When looking into openaddresses, we are talking about a map
streetname, housenr, ---> coordinates
At least in Finnish addresses, town and other hierarchy info is not there. In the server's geocoder, I am using hierarchy info. Namely, each coordinate is associated with city, region, country and so on. So, on import, we will have to determine those as well.
I want to make new importer for the data as it currently depends on an outdated version of a lib. So, it will be practical to work on it after that.
Ideally, what is needed is some kind of tool that will take OSM/OpenAddresses data and organize it in hierarchical manner allowing me to queue the hierarchy of objects and write them in my own format for https://github.com/rinigus/geocoder-nlp .
https://github.com/openaddresses/
It looks like they might already have tools that do what you need. Funny is that after I made my own oa2osm tool (in bash) they made their own in javascript. Theirs is most likely better, and may have the hierarchies defined for all global datasets.
I don't think I follow. Its also not sure how to merge the datasources and ensure hierarchy. But its a tricky problem. For hierarchies, we may have to use some extra tools, as I do now. Or maybe the one done for libpostal data import, or something else.

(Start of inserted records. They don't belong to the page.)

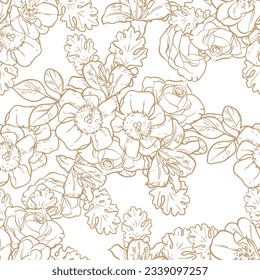 Abstract seamless pattern with plants, herbs and flowers, botanical illustration.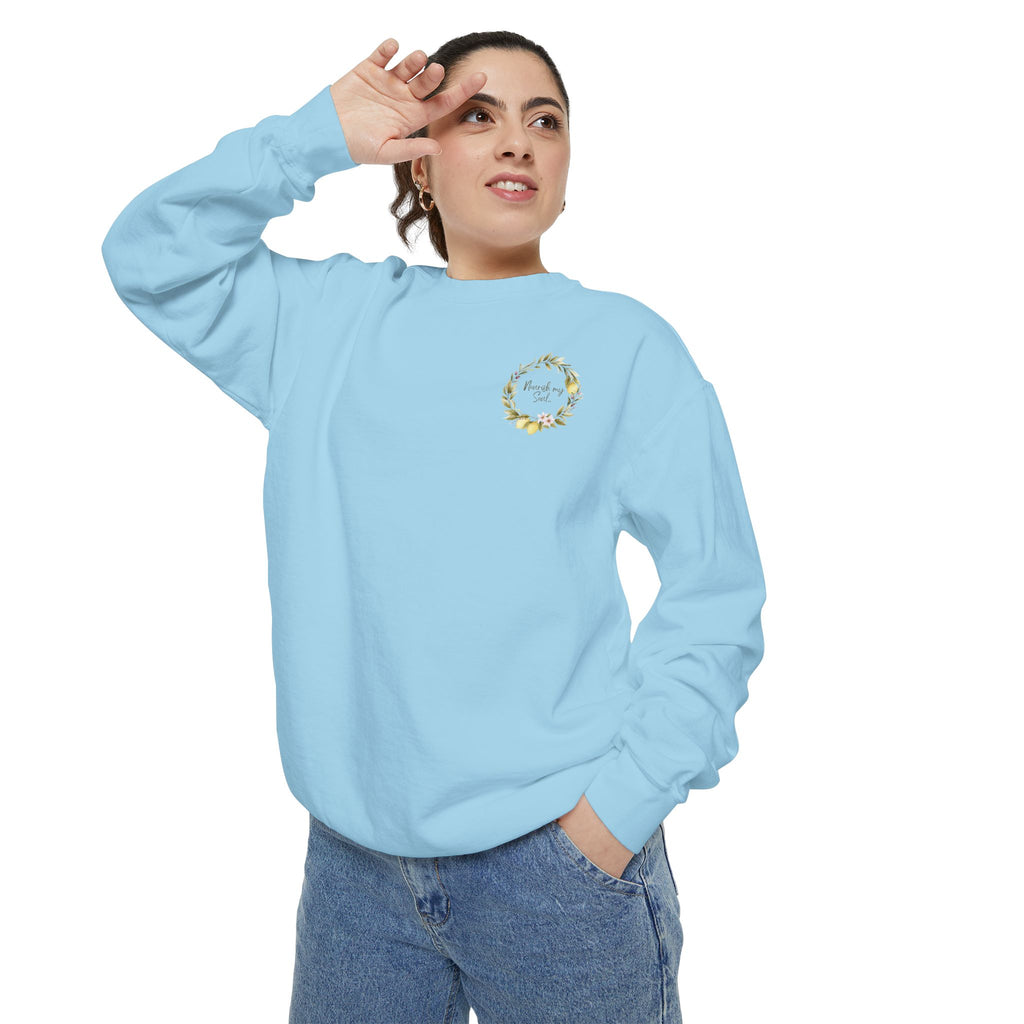 Nourish My Soul | Lemon Tree Comfort Colors Crewneck Sweatshirt – Faith & Soul Care Adult Female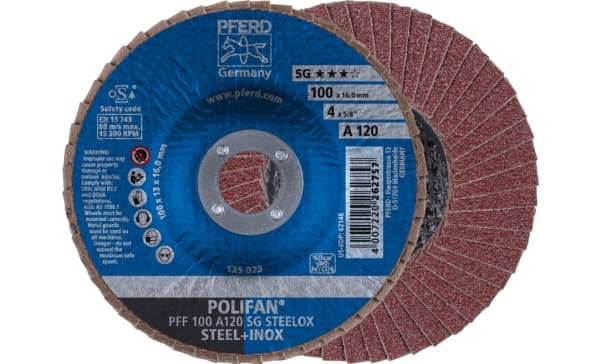 PFERD PFF 100 A 120 SG STEELOX/16,0, Metall, 15300 RPM, 10 cm, 10 styck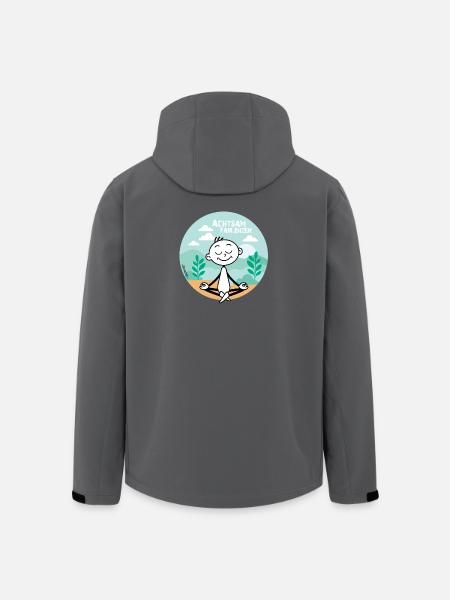 Achtsam Faulenzen – Beruhigendes Yoga & Natur Moti - Recycelte Männer Softshell-Jacke von Stanley/Stella - Anthrazit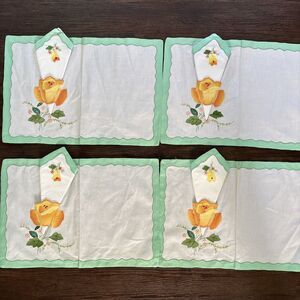 Vintage Belcrest Linen Appliqued Flowers Granny Cottage Retro 40s Handmade (4)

Where can I see an example of the hierarchy that's required? If I know exactly what the expectant data needs to be formatted as, I may be able to write a script to format openaddress data into said format.
Let me know if you need a Point-in-polygon service for this @rinigus, it can be useful to build hierarchies based only on lat/lon https://spatial.demo.geocode.earth
Just a FYI, there are 500 million+ OA records, so if this operation takes only 1ms per record it'll run for ~5,78 days 😱
Ive got a bunch of servers that I could split it up between (my boss would let me I think lol)
Quite an impressive number, will keep that in mind. Issue is that we have to import in one go as its composing a database that is later distributed to the users on mobile. So, I cannot postpone resolving hierarchies unless I change the format of the data. As for servers/service, I better keep it in house as long as possible. Imports are tedious, but under control so far and could be optimized further probably.
I will have to start working on geocoder again, but many things get in front, unfortunately, and I cannot promise at this moment any timeline for it.
PS: note to myself: Will have to look into Pelias as well, to learn from it.
Any update on this? As far as the prerequisite work to be done before this can be tackled? Just curious, not trying to rush
No progress so far, have been working on unrelated project. Hopefully I can get into some reasonable stage in that other project soon and then share time with the work on maps. With the maps, the rewrite of navigation for Pure Maps would take precedence to this as I have been researching already for that rewrite. So, by the look of it, not that soon I can start working on this.
Just a heads up, I went to check the OpenAddresses stuff again and they recently changed the main format of the data to JSON instead of CSV, so that might make things easier.
As the import is done via Nominatim now, I am closing it here. As soon as nominatim will add that source, I can add it to OSM Scout Server as well.